Sunday, November 26, 2006
Gotas de Sofia com Shakespeare - Monólogo de Hamlet
Ser ou não ser... eis a questão.
Se mais nobre à razão é suportar
frundas e frechas da afrontosa sorte
ou tomar armas contra um mar de opróbrios
e enfrentando-o acabar? Morrer, dormir;
não mais? E imaginar que em sono acabam
mil dores d'alma e os naturais conflitos
herdados pela carne... eis um epílogo
de ansiar-se com fervor. Morrer, dormir.
Dormir: sonhar, quem sabe? Eis o impasse.

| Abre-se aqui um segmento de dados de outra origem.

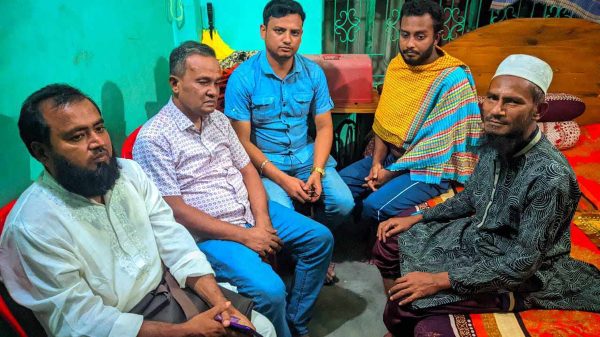 বরিশাল : সাংবাদিক শুভ’র খোঁজ খবর নিলেন বিএমএসএফ’র নেতৃবৃন্দ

Nesse sono da morte vir-nos sonhos,
depoi de livres do mortal invólucro,
nos faz deter. E tal cogitação
nos transforma em flagelo a longa vida.
Pois quem sofrera os látegos do tempo,
ultrages do opressor, o ar do arrogante,
os ais do ingrato amor, da lei delongas,
a insolência do mando, as rejeições
que o mérito paciente tem do indigno,
se ele próprio pudesse resgatar-se
com a adaga nua?
Quem levara fardos,
gemendo e suando numa vida insulsa,
senão que o medo de algo após a morte
- Inachado país de cujas raias
viajante algum voltou - enreda o intento
e nos faz preferir nossas misérias
a voar para outras mais que não sabemos?
Assim nos faz covardes a consciência
e a primitiva cor da decisão
dilui-se ante o palor do pensamento,
e as empresas de alcance e de visão
desviam-se por isso do seu curso
e perdem o nome de ação.
Nota de Sofia: Existe um texto do apóstolo Paulo em que ele se diz indeciso entre a vida e a morte. Não sabe qual o melhor, embora considerasse que ir para Deus houvesse completa felicidade. A diferença entre Paulo e Hamlet, é que Hamlet acha viver doloroso, e covarde quem prefere ficar aqui, mesmo com todo os "flagelos". Hamlet acha viver puro masoquismo involuntário, viver, para ele, era um ato de covardia, não o suicídio, ou seja, para Hamlet, suícidio era decidir viver.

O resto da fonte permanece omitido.